Handwriting appears to help you to more deeply encode (that is, convert into neural memory structures) what you are trying to learn. The more neural hooks you can build by evoking the senses, the easier it will be for you to recall the concept and what it means. Creating flashcards is a useful technique to help you remember. By increasing your spacing as you become more certain of mastery, you will lock the material more firmly into place Repetition is needed so your metabolic vampires—natural dissipating processes—don't suck the memories away. Your working memory is centered out of the prefrontal cortex, although there are also connections to other parts of your brain so you can access long-term memories. To help with moving something into long term memory, use a technique called "spaced repetition." This technique involves repeating what you are trying to retain, but what you want to do is to space this repetition out—repeating a new vocabulary word or problem-solving technique, for example, over a number of days.

Memory palace technique

Imagine a place you are very familiar with (your "palace") and then deposit memorable versions of the item on your list in various locations in your palace. Useful for memorizing lists Using these memory techniques allows you to more deeply internalize the information you are using, allowing you to use it much more effectively than if you were to simply try to memorize it by repeating it many times.

Imposter syndrome

Imposter syndrome involves frequent feelings of inadequacy. Getting a good grade on a test but being convinced that it was luck and that you are sure to fail the next test and be exposed as a fraud, is a good example of the impostor syndrome.

Chunk truths

Improvising a new sentence in a new language you are learning involves the ability to creatively mix together various complex minichunks and chunks (sounds and words) that you have mastered in the new language. Chunks can help you understand new concepts. This is because when you grasp one chunk, you will find that that chunk can be related in surprising ways to similar chunks not only in that field, but also in very different fields. The best chunks are ones that are so well-ingrained that you don't have to consciously think about connecting the neural pattern together. That, actually, is the point of making complex ideas, movements or reactions into a single chunk.

Good study habits

Interleave your learning by alternating your practice with different types of problems--don't waste study time by simply repeating the same technique over and over again. Space out study sessions with smaller bits of information to be mastered in each session.

Short term memory

Is like an inefficient mental blackboard

Einstellung

Is when your initial thought, an idea you already have in mind, or a neural pattern you've already developed and strengthened, prevents a better idea or solution from being found, or keeps you from being flexible enough to accept new, better, or more appropriate solutions.

Context

Is where bottom up and top down learning meet.

Zombie mode

It refers to the relaxed state your mind enters when you are performing common and habitual tasks. Examples of zombie states and habitual behavior include riding a bike, getting dressed in the morning, and being able to back your car out of a driveway (if you are familiar and comfortable with driving).
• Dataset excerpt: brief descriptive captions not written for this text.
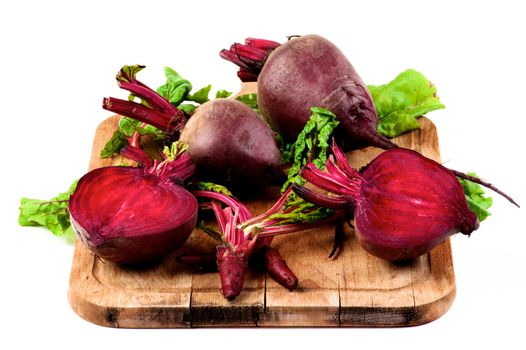 Arrangement of Fresh Raw Organic Beet Roots Full Body, Halves and Young Sprouts with Green Beet Tops closeup on Wooden Cutting Board isolated on White background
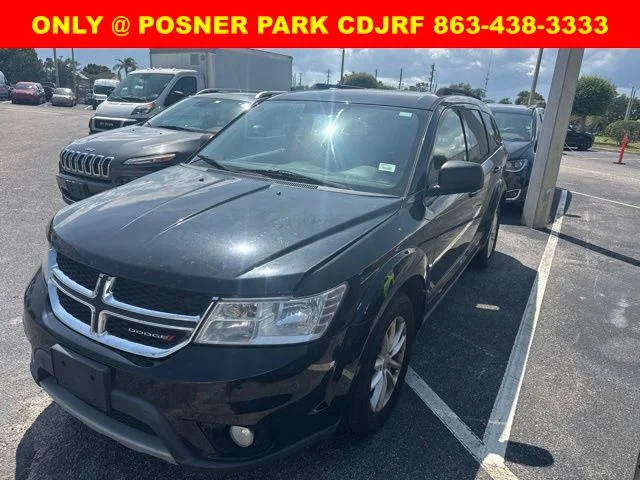 Used 2017 Black Dodge SXT image 1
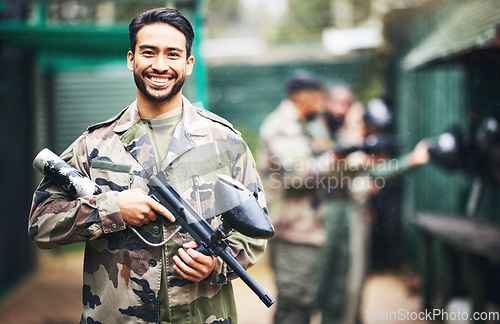 Image of Paintball, gun and portrait of a man soldier in a camouflage military outfit for extreme sports. Happy, smile and male player in army clothes with a pistol preparing for a match in an outdoor arena.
4 cues for habitual reaction (zombie mode)

Location, time, how you feel, reaction (either to other people or to something that just happened)

Truths about learning

Mastering a new subject means learning not only the basic chunks, but also learning how to select and use different chunks. Interleaving your studies—making a point to review for a test, for example, by skipping around through problems in the different chapters and materials—can sometimes seem to make your learning more difficult. But in reality, it helps you learn more deeply. Although practice and repetition are important in helping build solid neural patterns to draw on, it's interleaving that starts building flexibility and creativity. It's where you leave the world of practice and repetition and begin thinking more independently. Our brain uses two very different processes for thinking—the focused and diffuse modes. You generally toggle back and forth between these modes, using one or the other. "Spaced repetition" is an effective learning technique.

Illusion of competence truths

Merely glancing at a solution and thinking you truly know it yourself is one of the most common illusions of competence in learning. Recall—simply looking away from the material and attempting to recall the main ideas—is a more effective study technique than rereading the material.

Metaphor and analogy

Metaphors and analogies, as well as stories, can sometimes be useful for getting people out of Einstellung—being blocked by thinking about a problem in the wrong way Metaphors and visualization—being able to see something in your mind's eye—have been especially helpful, not only in art and literature, but also in allowing the scientific and engineering world to make progress. A metaphor is just a way of realizing that one thing is somehow similar to another. Metaphors are never perfect, but they can be vitally important in giving a physical understanding of the central idea behind the process or concept that you are trying to understand.

Focused mode

Mode involves a direct approach to solving problems using rational, sequential, analytical approaches. It is associated with the concentrating abilities of the brain's prefrontal cortex, located right behind your forehead. A pinball machine that has bumpers which are very close together, so the pinball (the thought) cannot go a long ways before bumping into a bumper. Ideas, concepts, and problem-solving techniques that are at least somewhat familiar to you--your previous knowledge lays a sort of underlying neural pathway that you tend to follow.

Overlearning

Once you've got the basic idea down during a session, continuing to hammer away at it during the same session doesn't necessarily strengthen the kinds of long-term memory connections you want to have strengthened. Continuing to study or practice after you've mastered what you can in the session is called overlearning.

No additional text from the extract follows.